Determining a patient’s candidacy for implants
Dr. Katyayen says she only proceeds with dental implants after ensuring the patient is a good candidate. “For example, if there are two teeth with heavy fillings and the middle tooth is missing, a bridge is a better option,” she says. “Butif it’s a young patient with good dental health, and all teeth are healthy with no fillings on neighboring teeth, then implants are better.” Dr. Katyayen also assesses the patient’s general health, including their oral hygiene and whether they have diabetes, to determine if they can proceed with implants.
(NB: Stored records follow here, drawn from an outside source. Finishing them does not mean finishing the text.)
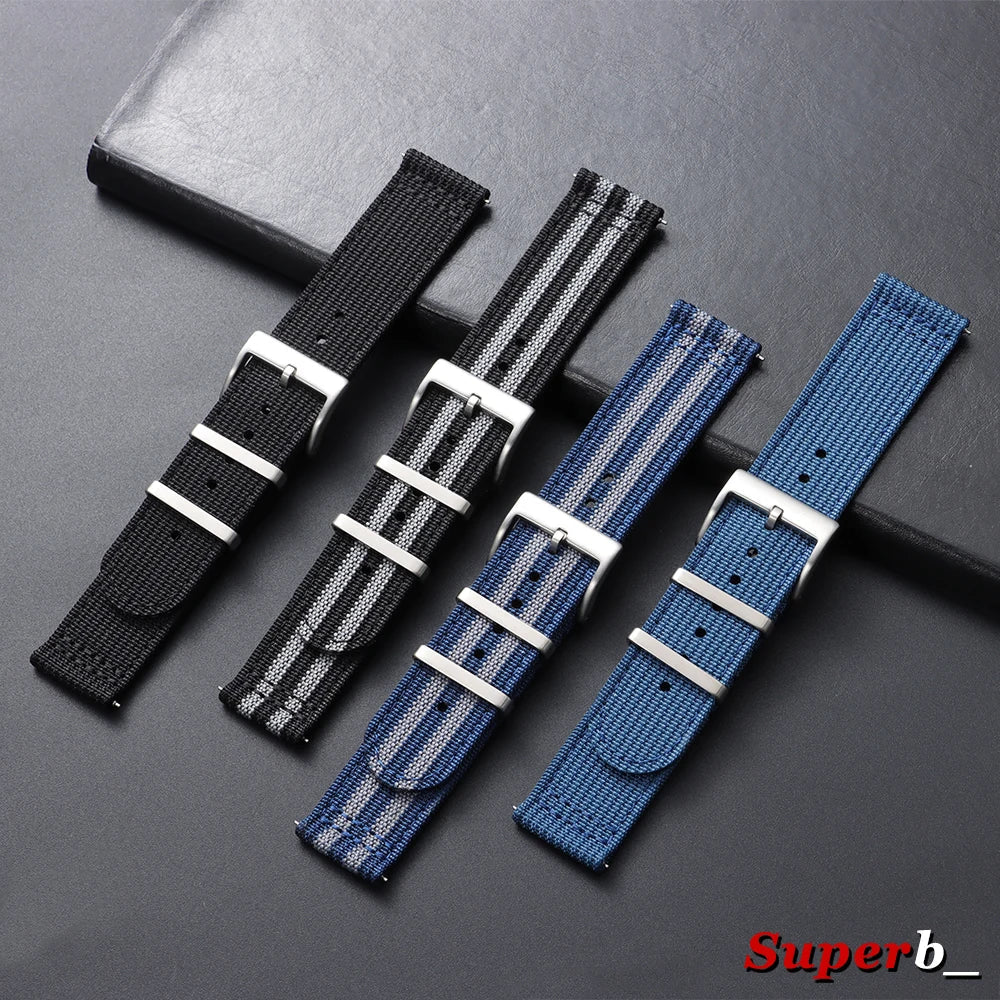 OnePlus Smartwatch Bands Ribbed Nylon Woven Canvas Fabric Quick Release Watch Straps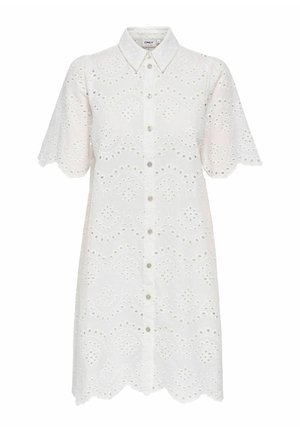 Hvid kortærmet skjortekjole med knapper, øjelynlace-mønster, bølget kant og ærmer samt en spids krave.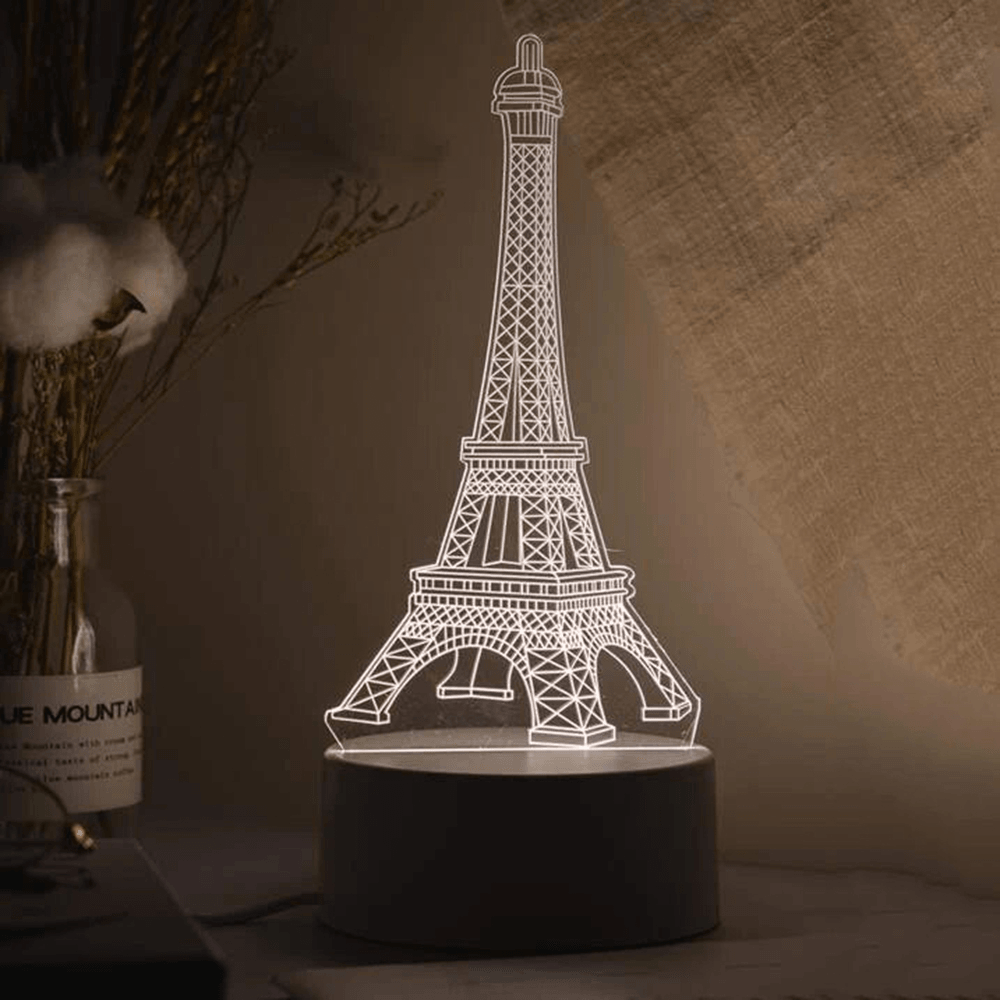 3D Eiffel Tower Led Night Light USB Charging Creative Colorful Home Decor for Bedroom Garden Living Room Decoration - MRSLM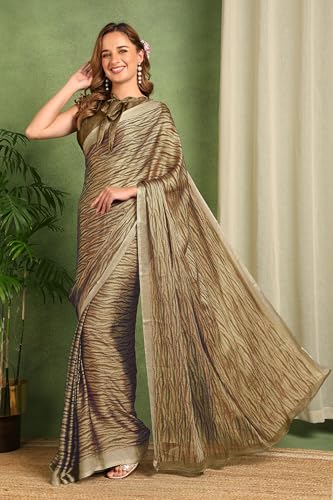 Image of MIRCHI FASHION Saree for Woman | Chiffon Block Printed Lightweight Daily Wear Sarees with Blouse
“The biggest risk factor for peri-implantitis is plaque. If the patient isn’t removing plaque from their teeth, they’re not going to remove it from the peri-implant area either. So bad oral health is a complete disqualifier for implants. If a patient only visits a dentist when there’s pain, then they’re not a good candidate. An implant requires regular care and maintenance. If a patient doesn’t go for regular checkups, they’re not a good candidate.”
“Implants can work for 20 years or more, depending on the patient, surgical technique, the surgeon, the dentist or prosthodontist who rehabilitated it, and then the dentist or dental hygienist who has been taking care of it. If everyone has done the right job, the implant will survive. But if the patient doesn’t maintain good oral hygiene or the surgeon places the implant in the wrong direction, there’s a higher chance of plaque retention. That’s why implantology is complex — it depends on so many factors."
The importance of soft tissue for implants
Everyone understands the importance of checking the bone while placing implants. But few dentists focus on the soft tissue health. Dr. Katyayen says she also checks the gingival area to determine if it’s too thin or thick. Depending on the patient’s condition, she may change the soft tissue quality with grafting. It starts at the planning phase, and the treatment plan can be changed or modified anytime.
Even during the abutment placement, incisions and flap techniques can be used to change the soft tissue type to ensure a good seal. The goal is to ensure there’s sufficient keratinized gingiva around the implant. The importance of keratinized gingiva around the implant is a fairly controversial subject, with some periodontists suggesting that it doesn’t affect the risk of peri-implantitis. However, Dr. Katyayen says she has observed that the gingival health and presence of keratinized gingiva make a major difference in the peri-implant health.